(Entries taken from a collection)
══════════════════════════════
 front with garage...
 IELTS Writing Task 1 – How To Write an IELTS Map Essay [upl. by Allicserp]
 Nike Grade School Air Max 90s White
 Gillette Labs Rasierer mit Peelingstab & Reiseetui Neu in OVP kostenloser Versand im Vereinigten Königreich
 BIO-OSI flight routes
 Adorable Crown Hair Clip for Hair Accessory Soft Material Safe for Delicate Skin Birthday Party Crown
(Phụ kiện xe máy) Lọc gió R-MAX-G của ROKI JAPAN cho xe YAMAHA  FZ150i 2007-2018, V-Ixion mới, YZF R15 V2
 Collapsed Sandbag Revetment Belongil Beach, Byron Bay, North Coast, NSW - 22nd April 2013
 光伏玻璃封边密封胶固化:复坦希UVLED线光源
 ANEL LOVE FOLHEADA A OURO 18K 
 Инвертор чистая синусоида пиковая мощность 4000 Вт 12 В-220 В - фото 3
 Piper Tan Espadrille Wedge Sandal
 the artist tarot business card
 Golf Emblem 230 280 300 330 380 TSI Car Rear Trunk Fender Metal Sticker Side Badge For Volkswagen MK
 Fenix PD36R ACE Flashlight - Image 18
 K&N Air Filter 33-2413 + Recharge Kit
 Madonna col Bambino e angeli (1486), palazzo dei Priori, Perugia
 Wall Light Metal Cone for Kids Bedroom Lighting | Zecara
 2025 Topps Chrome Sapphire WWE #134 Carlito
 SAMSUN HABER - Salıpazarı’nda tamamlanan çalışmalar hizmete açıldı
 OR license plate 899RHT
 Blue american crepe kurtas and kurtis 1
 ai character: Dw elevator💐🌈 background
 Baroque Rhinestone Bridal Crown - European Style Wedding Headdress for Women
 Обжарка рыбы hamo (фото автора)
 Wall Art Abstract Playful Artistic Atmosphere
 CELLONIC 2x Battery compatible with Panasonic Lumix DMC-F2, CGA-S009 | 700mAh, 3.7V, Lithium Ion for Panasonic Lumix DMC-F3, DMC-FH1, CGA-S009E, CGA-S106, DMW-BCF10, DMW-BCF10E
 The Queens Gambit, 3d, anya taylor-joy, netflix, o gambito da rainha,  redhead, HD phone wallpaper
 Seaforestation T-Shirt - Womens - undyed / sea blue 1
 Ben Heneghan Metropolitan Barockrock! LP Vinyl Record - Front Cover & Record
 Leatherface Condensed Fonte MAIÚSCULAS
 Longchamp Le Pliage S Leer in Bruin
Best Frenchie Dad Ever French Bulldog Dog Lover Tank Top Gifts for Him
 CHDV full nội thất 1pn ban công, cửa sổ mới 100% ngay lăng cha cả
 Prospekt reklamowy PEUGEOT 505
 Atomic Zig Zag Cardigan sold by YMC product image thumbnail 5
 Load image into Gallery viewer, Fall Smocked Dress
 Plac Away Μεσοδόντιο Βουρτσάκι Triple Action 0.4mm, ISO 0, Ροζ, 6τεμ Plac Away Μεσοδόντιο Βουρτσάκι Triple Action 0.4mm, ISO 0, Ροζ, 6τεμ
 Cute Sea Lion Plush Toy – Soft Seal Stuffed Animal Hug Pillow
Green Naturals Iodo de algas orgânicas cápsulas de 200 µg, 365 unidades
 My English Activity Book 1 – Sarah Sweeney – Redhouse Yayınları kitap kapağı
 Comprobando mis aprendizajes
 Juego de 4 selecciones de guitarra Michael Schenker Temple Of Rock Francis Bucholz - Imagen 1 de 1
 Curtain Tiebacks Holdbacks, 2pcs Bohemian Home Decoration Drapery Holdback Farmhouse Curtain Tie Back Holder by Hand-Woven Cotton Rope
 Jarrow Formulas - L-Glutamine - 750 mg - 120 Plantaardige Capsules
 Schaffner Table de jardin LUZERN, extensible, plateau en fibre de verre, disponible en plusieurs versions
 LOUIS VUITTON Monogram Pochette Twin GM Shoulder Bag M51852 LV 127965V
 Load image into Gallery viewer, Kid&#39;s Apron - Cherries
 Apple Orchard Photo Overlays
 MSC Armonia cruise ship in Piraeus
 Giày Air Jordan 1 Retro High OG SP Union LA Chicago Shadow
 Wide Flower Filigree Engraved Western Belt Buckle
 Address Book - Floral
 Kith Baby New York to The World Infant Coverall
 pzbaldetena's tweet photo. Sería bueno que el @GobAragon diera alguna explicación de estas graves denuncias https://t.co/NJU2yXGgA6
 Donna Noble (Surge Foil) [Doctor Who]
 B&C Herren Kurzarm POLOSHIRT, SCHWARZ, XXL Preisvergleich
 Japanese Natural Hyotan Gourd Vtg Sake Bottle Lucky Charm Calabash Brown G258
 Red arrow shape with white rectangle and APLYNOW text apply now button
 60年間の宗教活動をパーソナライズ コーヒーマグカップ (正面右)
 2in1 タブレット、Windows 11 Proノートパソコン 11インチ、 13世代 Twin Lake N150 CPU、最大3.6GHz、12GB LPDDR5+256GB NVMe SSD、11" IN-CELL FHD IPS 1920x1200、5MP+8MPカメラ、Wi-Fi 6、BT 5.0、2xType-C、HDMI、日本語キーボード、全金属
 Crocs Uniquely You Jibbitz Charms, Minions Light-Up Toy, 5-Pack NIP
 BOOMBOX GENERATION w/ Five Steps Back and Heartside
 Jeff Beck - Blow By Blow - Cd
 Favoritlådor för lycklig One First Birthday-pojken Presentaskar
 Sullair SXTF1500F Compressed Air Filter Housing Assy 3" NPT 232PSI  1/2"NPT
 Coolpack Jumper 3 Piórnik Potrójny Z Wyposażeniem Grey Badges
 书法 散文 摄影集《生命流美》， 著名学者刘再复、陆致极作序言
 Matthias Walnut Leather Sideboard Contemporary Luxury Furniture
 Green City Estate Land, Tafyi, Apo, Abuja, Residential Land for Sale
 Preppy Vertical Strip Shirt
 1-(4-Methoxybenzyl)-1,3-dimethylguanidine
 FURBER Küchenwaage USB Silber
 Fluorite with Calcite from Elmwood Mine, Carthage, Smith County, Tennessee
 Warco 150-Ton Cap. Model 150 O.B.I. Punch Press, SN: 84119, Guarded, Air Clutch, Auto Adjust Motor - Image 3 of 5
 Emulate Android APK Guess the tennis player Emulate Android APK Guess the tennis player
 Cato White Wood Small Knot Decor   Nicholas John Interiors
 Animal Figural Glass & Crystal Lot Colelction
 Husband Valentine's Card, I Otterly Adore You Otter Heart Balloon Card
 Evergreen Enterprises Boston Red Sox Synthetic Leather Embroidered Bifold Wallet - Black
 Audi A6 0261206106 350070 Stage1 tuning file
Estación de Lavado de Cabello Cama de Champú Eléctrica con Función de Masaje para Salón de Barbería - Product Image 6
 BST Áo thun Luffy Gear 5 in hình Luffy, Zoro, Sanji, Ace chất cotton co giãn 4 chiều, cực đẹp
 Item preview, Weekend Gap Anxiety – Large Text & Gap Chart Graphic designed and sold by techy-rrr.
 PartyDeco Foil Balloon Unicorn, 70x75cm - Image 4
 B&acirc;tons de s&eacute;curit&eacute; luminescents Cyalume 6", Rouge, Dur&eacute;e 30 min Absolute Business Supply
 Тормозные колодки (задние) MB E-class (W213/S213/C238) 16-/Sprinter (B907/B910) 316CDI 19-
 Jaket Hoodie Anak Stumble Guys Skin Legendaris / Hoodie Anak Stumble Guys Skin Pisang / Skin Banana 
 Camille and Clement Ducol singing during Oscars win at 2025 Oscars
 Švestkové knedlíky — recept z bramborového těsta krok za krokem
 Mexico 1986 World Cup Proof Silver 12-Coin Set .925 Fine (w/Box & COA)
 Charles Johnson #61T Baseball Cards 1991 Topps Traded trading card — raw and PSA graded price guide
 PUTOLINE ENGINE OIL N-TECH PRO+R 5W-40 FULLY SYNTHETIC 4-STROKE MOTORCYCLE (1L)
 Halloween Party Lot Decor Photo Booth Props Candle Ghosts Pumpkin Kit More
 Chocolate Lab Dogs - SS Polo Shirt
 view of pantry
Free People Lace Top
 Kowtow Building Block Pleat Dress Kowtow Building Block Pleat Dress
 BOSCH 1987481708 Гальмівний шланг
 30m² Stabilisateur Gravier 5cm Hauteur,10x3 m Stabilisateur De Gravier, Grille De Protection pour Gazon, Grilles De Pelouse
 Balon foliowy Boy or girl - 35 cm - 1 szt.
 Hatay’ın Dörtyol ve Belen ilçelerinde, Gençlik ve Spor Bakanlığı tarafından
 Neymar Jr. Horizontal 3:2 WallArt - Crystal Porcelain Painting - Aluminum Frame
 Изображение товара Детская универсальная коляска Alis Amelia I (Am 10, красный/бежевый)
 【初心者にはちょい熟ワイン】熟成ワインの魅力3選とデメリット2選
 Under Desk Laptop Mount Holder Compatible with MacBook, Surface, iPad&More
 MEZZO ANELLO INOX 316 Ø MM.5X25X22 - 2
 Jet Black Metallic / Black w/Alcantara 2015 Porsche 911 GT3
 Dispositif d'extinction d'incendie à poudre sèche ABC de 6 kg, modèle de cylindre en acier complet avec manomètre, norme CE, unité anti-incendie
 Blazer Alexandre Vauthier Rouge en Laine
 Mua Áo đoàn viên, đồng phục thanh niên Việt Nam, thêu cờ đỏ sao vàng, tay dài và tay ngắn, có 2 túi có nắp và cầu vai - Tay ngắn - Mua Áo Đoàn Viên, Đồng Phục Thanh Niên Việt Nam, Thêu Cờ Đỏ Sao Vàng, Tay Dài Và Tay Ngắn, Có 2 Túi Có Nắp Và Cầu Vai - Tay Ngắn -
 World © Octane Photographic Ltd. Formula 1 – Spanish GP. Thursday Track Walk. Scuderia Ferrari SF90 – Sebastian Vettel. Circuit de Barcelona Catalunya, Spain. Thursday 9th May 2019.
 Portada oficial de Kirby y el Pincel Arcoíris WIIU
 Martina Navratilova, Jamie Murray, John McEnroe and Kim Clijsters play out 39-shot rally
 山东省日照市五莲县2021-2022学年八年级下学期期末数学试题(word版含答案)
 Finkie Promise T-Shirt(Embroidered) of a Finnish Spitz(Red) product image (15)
══════════════════════════════
▶ EXERCISE GOAL
What is needed is a verbatim copy of every line in the records above from the one containing "Piper Tan Espadrille Wedge Sandal" down to the one containing "2025 Topps Chrome Sapphire WWE #134 Carlito", both included, and nothing more.

▶ ANSWER FOR THE TASK
 Piper Tan Espadrille Wedge Sandal
 the artist tarot business card
 Golf Emblem 230 280 300 330 380 TSI Car Rear Trunk Fender Metal Sticker Side Badge For Volkswagen MK
 Fenix PD36R ACE Flashlight - Image 18
 K&N Air Filter 33-2413 + Recharge Kit
 Madonna col Bambino e angeli (1486), palazzo dei Priori, Perugia
 Wall Light Metal Cone for Kids Bedroom Lighting | Zecara
 2025 Topps Chrome Sapphire WWE #134 Carlito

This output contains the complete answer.